Un certain nombre d'auteurs, dont peut-être certains dans ce volume, sont convaincus qu'il existe une frontière nette entre le vivant et le non-vivant, car la différence n'est pas une question de science historique, mais une question de physique, ou quelque chose comme ça. proche d'elle. Elle est décrite par une science nomologique, non par une science « idiopathique »1.
Ces auteurs pensent qu'une propriété hautement abstraite est la signature de la vie et est le résultat d'une sorte de saut ou de bifurcation dans le comportement d'un certain type de système dynamique.
Bien sûr, si les systèmes vivants reposent sur des propriétés sui generis qui leur appartiennent universellement en vertu des lois de la nature, le problème de définir la vie revient à identifier ces lois.
1 Science nomologique : une science basée sur des énoncés universels de portée illimitée (lois).
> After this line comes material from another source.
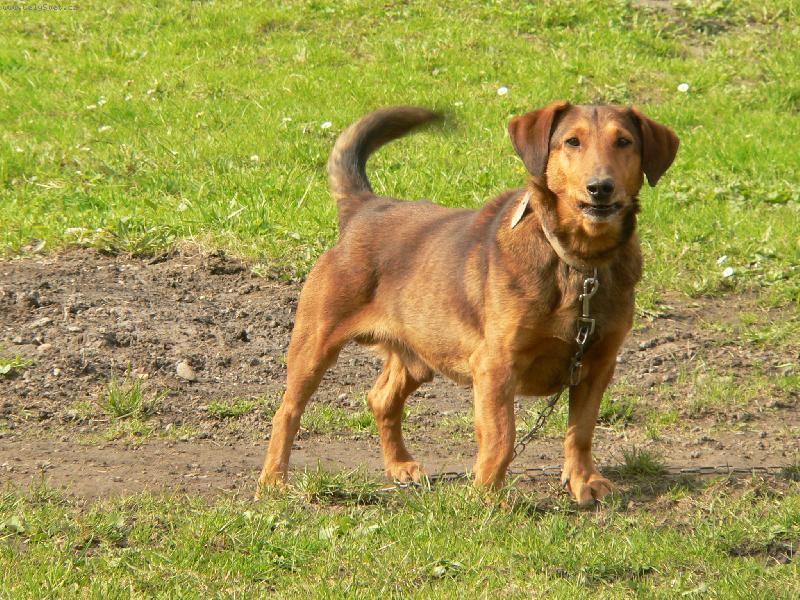 Foto: Pozor hodn� pes-Jen ob�as ztr�c� nervy...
Sciences idiopathiques : sciences traitant d'événements qui ne se produisent qu'une seule fois.
Les définitions stipulatives :
1) Ruiz-Mirazo/Peretó/Moreno:
"[La vie est] un réseau complexe d'agents autonomes auto-reproducteurs dont l'organisation de base est instruite par des enregistrements matériels générés par le processus historique ouvert dans lequel ce réseau collectif évolue."
2) NASA Brack:
"La vie est un système chimique autonome capable de subir une évolution darwinienne."
3) Popa
"Les entités vivantes sont des systèmes auto-entretenus, capables d'évolution adaptative, individuellement, collectivement ou en filiation."
"Être en vie est l'état d'expression de ces capacités."
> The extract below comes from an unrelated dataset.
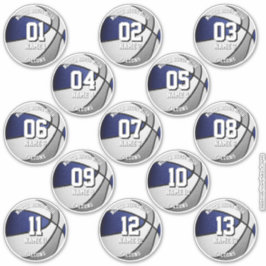 Blauw Grijs Team Kleuren 13 Basketbal spelers Name Sticker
"La vie est un concept indiquant que la capacité d'exprimer ces attributs est virtuellement
ou réellement présente."
4) Damiano et Luisi :
"Un système est vivant quand [il] s'auto-entretient en raison d'un réseau régénérateur de processus se déroulant dans les limites de sa propre fabrication, et qui a une interaction cognitive adaptative avec le médium."
5 )Maturana et Varela : «Un système vivant est un système qui est capable de s'auto-produire et de s'auto-entretenir grâce à un réseau de processus de régénération à l'intérieur d'une frontière de sa propre fabrication.
deux catégories :
1) l'auto-entretien individuel et l'évolution indéfinie d'un ensemble d'entités semblables.
2) Sans la reproduction et l'évolution, et adoptent une sorte de vision psychique du vivant, qui met également l'accent sur l'environnement.
Les échos aux grands débats théoriques qui caractérisent les recherches actuelles sur les origines de la vie : La relation entre ce débat fondamental et le problème de l'origine de la vie est assez simple (même si, encore une fois, n'étant pas spécialiste, j'ai conscience de simplifier à l'excès). Il semble clair que si l'on met l'accent sur des entités théoriques telles que les cycles métaboliques, les vésicules et les membranes, et une sorte de compartimentation, on privilégie une approche fonctionnelle de la question de ce que sont les êtres vivants. Une telle approche cadre bien avec l'idée que ce qu'il faut expliquer, c'est l'émergence de systèmes individuels auto-entretenus. Si tel est le cas, l'émergence de la vie se résume (dans une formulation philosophique large) à l'émergence de l'individualité. Par contre, si vous insistez sur la réplication des polymères, sur la reproduction des assemblages de tel ou tel type de molécules, et sur l'évolution des populations de quelque chose, vous serez probablement amené à mettre l'accent sur une notion de la vie en termes de collectifs, descendance et histoire des collectifs apparentés.